Some (though not all) atheists seem to be under the impression that the Euthryphro dilemma is a slam-dunk for atheism.* God commands murder, after all, and murder's bad, so God must be bad. This must mean that Christians are wrong about God's nature, so they're probably wrong about God existing period; after all, they've clearly never given the issue any thought. (How easy it must be to be an atheist, to be satisfied with such superficial thinking).
As I wrote once before, the error here is in the assumption that morality is something distinct from God -- something, in fact, superordinate to God, so that God is subject to it, as well. But if there is something greater than God, than God has some unrealized potentiality: thus he is not perfect, thus not unqualified being, thus not God. Goodness, whatever it is, must not merely be present in God in the sense that it is present in us humans, as one aspect among many; it must actually be God, and God it, or else God is not God. Likewise, God's divine simplicity means there is no real distinction between the fact of goodness and the moral injunction to obey it: the two are fused. Good is its own authority, in Him.

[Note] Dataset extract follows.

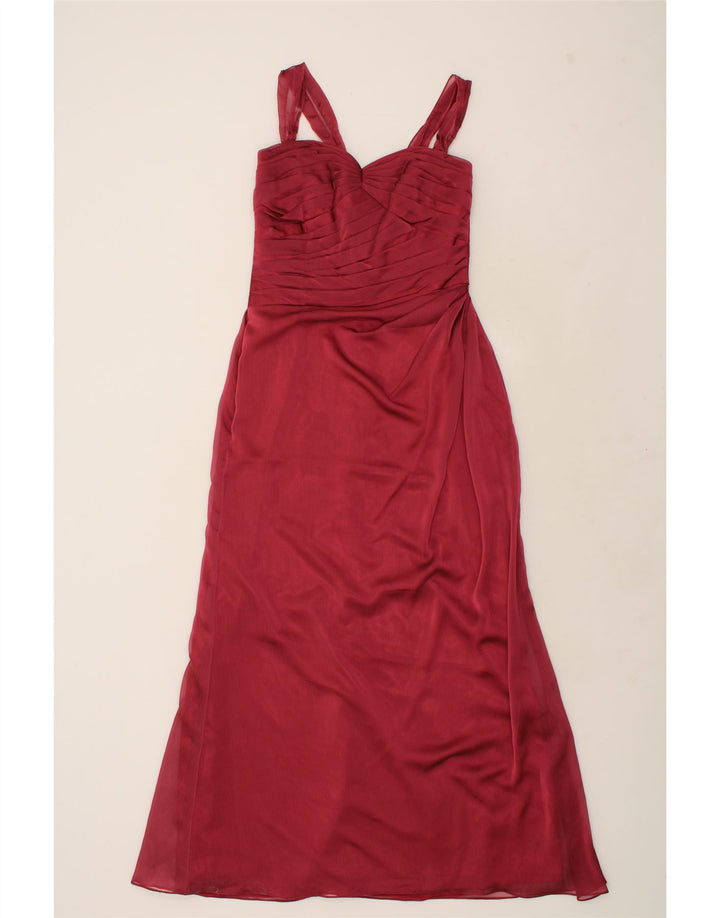 BELSOIE Womens Sleeveless Maxi Dress UK 14 Medium Red Polyester Vintage Belsoie and Second-Hand Belsoie from Messina Hembry 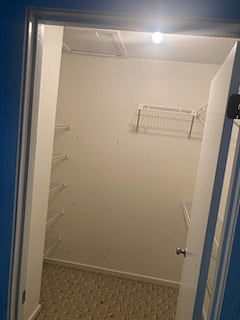 Upstairs Walk-in closet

In other words, the error is something like the error atheists in make in presuming the natural world to be all there is with respect to epistemology. In this case, they presume that the natural law is all there is with respect to ethics. As I wrote before,
. . . is natural law absolute? Perhaps in a world without God, it would be: there would be nothing beyond nature, so of course natural law would be inviolate. Which rather makes the atheists' objection circular: God doesn't exist because He commands immoral things, and those things must be immoral because God doesn't exist.
But natural law is "natural" precisely because it arises from nature; and nature is necessarily subordinate to God, since He created it and is all that sustains it in being. Thus, even the highest of natural goods is subordinate to the lowest of supernatural goods.
(Actually, they don't assume this, as they don't even believe in natural law. They assume Christians believe this.That they don't doesn't seem to bother them).
God, I said recently, is thought to be all-good not for evidential reasons but for logically necessary ones: because goodness in a theological sense is convertible with being and God is pure being, thus pure goodness (for a fuller treatment of this, see Dr. Feser's take on the "dilemma"). So whatever God commands is necessarily good, in that He is incapable of evil. It doesn't follow from this that a thing is good because God commands it (it follows from this that there are some things God, being all-good, simply cannot do)**, but rather that anything which God commands must be good. If natural law appears to contradict some divine command, it is only because the natural law is an expression of the divine will in an imperfect context. Thus the general expression of divine will in natural law must always give way to its more specific expression as revealed directly by God Himself.
So what are we to make of the situation, then? If moral goods relate to natural law and natural law arises from human nature, it follows that God is not subject to them. So there is no sense in accusing God of violating them; it is simply meaningless jabber, akin to calling me, an American, a criminal because the content of my blogging sometimes runs afoul of Swedish hate crime laws. So what if God commands you to kill someone? Then you would have a case of divine law conflicting with natural law, and as natural law always gives way, you'd be obligated to carry out the act. (Really, would your refusal affect some significant change? He could easily wipe out all creation simply by willing it; what difference does it make if, in some particular case, He deigns to act through a subordinate instead of directly?)
The problem, ultimately, is very like the "problem of evil," which is to say facially weak: if God is thought to be good as a matter of metaphysical necessity than there is simply no use pointing to some datum that appears to contradict it, because the contradiction cannot go beyond appearances unless it can be determined that there is no possible good which some commandment serves. It is therefore not necessary to pinpoint exactly what good a given divine commandment serves (although this is very often possible, as in the case, for instance, of God's command to the Israelites to wipe out the Canaanites). It is, rather, sufficient to point out that there is at least one conceivable good which that command would serve.
*Actually, when I talk about the "Euthyphro dilemma," I'm talking about the pop-culture misapprehension of it as understood by most atheists, who tend to be ignorant of philosophy. As James Chastek points out, what is actually discussed in Euthyphro is not whether God/the gods are good, but how best to define piety.
**Since God's nature is existence itself, it follows that the justice of His actions are bounded only by the demands of reality itself. For instance, since God cannot create anything such that He is not its creator, it follows that everything which exists owes Him gratitude, obedience, and love, and that He moreover cannot except anything from this because there is no way He could have created anything otherwise. So God cannot command a person, for instance, to hate Him. Likewise, I believe it is reasonable (though I don't know if anyone else has reached this conclusion) to say that He could not utterly destroy being, by which I mean not merely cause death of the body but utterly remove a thing from existence: this would be evil in its purest form, the affectation of total nonbeing, and thus something of which God would simply be incapable. Hence, the disposition of souls who reject God's invitation to communion is not destruction (as the annihilationists hope) but exile (i.e., to Hell).